Trial On Track for 3Q 2023 Results

Pivotal Phase 3 Trial in Pediatric/Adolescent Patients Planned to Begin Mid-2023

KANSAS CITY, Kan., April 04, 2023 (GLOBE NEWSWIRE) -- Cingulate Inc. (NASDAQ: CING), a biopharmaceutical company utilizing its proprietary Precision Timed Release™ (PTR™) drug delivery platform technology to build and advance a pipeline of next-generation pharmaceutical products, today announced it has completed the first cohort of its Phase 3 adult onset and duration trial of its lead candidate, CTx-1301 (dexmethylphenidate), for attention deficit/hyperactivity disorder (ADHD).

The Phase 3 CTx-1301-022 study (NCT05631626) is assessing the onset and duration of CTx-1301 in up to 25 adults (age range: 18-55 years) with ADHD in an adult laboratory classroom setting.
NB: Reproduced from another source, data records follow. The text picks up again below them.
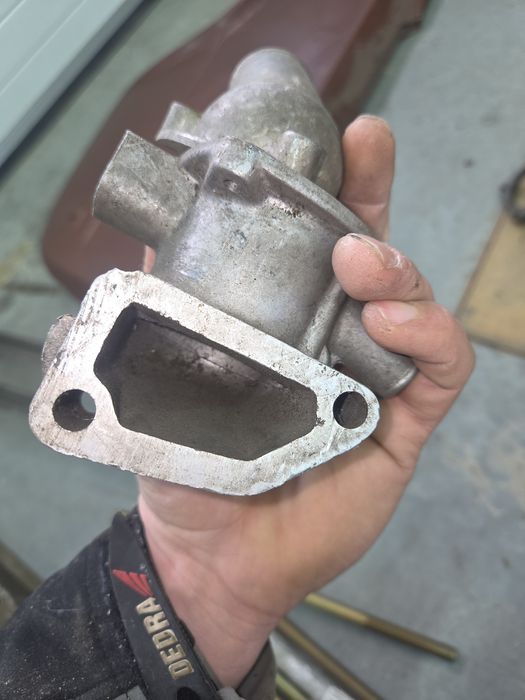 Obudowa termostatu fiat 125p
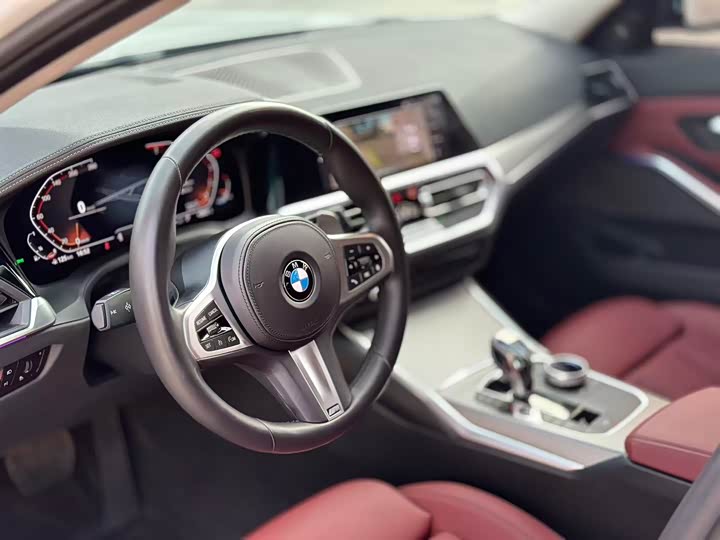 Фото 9 - BMW 3 Series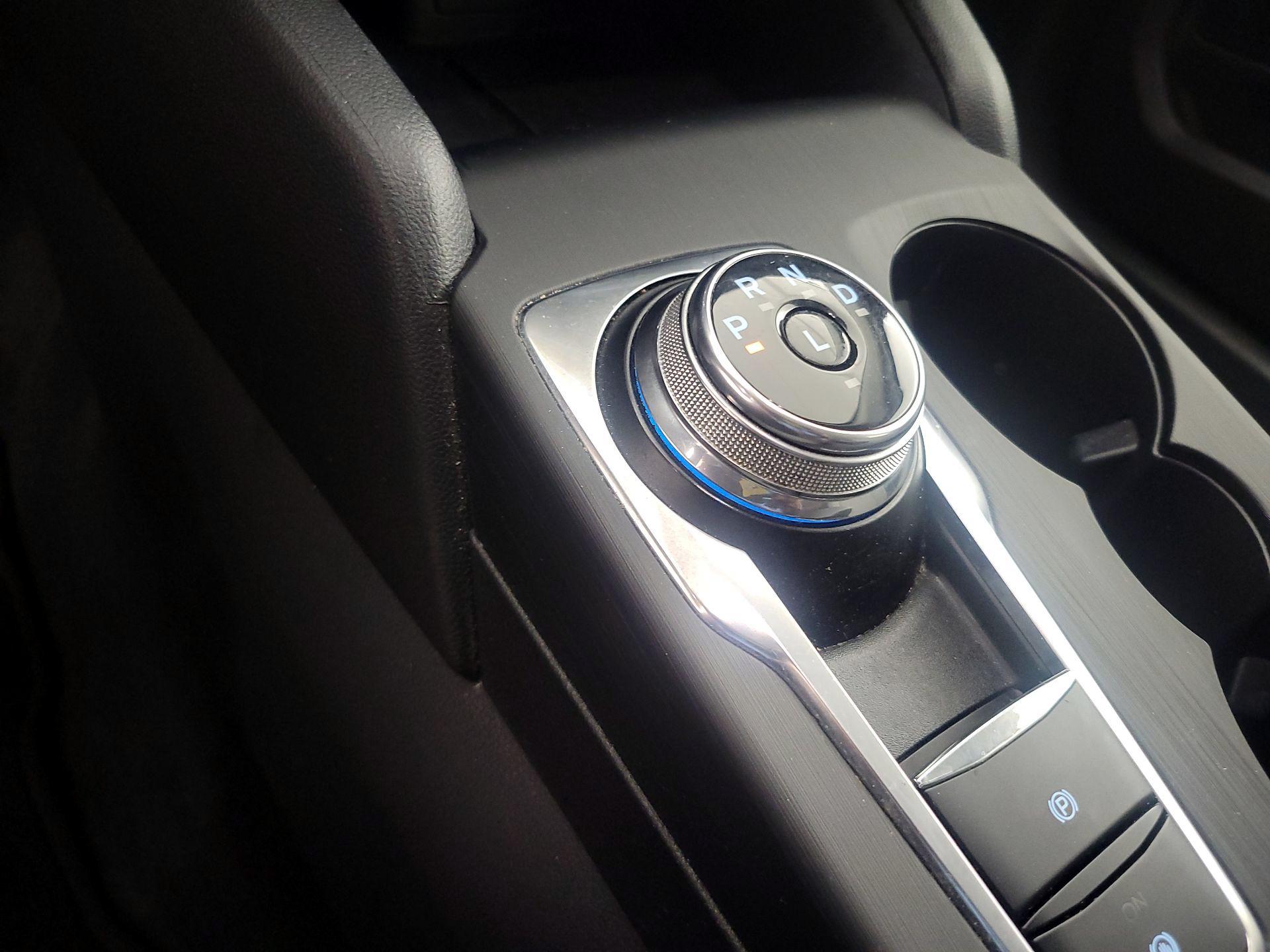 Thumbnail: 2021 Ford Escape - 17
The study is comprised of a screening period, a five-week dose-optimization phase, a double-blind randomized phase, and a seven-day safety follow-up period. Results from the trial are expected in 3Q 2023.

“We’re pleased with the speed in which our first cohort of this Phase 3 trial was able to be completed, underscoring the ADHD community’s interest in new stimulant treatment options and affirming our goal of having full trial results by third quarter 2023,” said Shane J Schaffer, Chairman and CEO, Cingulate. “There is a large and growing population of adults with ADHD who with appropriate diagnosis stand to benefit from effective entire active-day efficacy, and we’re confident that an optimized version of the already-established active ingredient in CTx-1301, dexmethylphenidate, could be an important addition to the $22 billion ADHD market.”

The United States Centers for Disease Control (CDC) has cited a 10 percent increase in stimulant medicine prescriptions in the adult ADHD population. Of the multitude of ADHD medications available, no stimulant medication offers a single oral dose that provides patients entire active-day efficacy.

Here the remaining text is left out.